### Problem requirements
State how many lines of the records contain the string "Price". Give the number alone.

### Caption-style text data
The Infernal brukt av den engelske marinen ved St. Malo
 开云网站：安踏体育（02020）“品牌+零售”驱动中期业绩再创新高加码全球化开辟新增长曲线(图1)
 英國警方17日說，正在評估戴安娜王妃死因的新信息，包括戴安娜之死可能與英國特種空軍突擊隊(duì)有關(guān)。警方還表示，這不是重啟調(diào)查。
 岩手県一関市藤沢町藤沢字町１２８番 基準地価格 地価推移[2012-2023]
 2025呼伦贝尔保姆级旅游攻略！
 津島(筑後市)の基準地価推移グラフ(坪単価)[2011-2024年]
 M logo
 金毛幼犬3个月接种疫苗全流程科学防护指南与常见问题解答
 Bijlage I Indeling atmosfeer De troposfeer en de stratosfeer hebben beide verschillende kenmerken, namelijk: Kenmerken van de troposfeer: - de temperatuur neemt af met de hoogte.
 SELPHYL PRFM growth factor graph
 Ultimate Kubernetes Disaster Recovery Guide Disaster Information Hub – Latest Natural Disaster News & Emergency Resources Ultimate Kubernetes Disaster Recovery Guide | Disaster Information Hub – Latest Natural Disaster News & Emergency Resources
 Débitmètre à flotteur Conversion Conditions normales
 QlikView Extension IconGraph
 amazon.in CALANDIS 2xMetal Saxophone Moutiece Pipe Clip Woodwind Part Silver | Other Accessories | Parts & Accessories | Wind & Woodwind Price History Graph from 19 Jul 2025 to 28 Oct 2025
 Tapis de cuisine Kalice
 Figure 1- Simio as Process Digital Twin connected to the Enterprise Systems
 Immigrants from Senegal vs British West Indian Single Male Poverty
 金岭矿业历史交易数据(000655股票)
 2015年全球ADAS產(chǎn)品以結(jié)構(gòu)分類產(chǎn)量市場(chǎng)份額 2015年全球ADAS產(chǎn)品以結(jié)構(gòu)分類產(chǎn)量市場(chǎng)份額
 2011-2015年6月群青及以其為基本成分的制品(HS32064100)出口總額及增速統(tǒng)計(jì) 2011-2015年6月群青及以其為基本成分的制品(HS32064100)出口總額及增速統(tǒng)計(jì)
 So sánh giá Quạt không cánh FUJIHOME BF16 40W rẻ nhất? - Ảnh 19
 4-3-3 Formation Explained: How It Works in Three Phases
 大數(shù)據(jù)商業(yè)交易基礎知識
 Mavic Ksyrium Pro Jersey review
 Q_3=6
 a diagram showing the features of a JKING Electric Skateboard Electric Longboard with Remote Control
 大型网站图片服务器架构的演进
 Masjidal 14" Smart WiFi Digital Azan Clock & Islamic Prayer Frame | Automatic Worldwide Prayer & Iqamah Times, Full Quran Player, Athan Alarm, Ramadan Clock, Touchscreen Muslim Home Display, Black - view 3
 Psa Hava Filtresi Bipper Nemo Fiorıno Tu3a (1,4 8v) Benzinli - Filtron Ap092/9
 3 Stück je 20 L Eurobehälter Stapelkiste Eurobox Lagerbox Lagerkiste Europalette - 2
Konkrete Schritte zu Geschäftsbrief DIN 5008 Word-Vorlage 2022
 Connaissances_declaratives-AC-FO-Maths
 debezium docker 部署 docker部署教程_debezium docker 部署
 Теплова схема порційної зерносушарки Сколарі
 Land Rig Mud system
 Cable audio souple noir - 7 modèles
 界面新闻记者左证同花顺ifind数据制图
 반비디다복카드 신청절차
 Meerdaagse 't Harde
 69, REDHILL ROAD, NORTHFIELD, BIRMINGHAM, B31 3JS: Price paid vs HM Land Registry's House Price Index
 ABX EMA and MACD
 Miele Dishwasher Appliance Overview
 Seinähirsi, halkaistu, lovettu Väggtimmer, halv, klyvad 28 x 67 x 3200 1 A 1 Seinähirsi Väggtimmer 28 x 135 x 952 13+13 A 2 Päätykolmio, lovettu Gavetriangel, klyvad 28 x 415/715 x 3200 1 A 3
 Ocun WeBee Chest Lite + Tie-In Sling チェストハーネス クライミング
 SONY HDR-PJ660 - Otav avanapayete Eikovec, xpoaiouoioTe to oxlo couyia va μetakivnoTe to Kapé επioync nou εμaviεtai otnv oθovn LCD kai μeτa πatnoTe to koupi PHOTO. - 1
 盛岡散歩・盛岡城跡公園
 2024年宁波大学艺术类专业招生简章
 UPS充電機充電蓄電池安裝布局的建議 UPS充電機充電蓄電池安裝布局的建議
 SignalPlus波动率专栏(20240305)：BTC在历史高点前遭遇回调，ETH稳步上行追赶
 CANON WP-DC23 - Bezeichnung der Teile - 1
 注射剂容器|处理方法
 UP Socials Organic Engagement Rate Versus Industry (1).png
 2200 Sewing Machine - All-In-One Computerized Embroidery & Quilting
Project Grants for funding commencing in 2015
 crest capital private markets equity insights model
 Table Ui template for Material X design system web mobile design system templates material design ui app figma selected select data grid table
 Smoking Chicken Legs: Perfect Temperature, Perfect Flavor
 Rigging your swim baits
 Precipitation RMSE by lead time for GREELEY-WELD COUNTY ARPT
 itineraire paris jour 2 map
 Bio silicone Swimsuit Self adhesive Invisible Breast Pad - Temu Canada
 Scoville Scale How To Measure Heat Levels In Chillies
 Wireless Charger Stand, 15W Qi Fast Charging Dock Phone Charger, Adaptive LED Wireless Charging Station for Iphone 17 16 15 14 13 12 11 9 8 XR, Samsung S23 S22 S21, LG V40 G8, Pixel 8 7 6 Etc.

### Response
2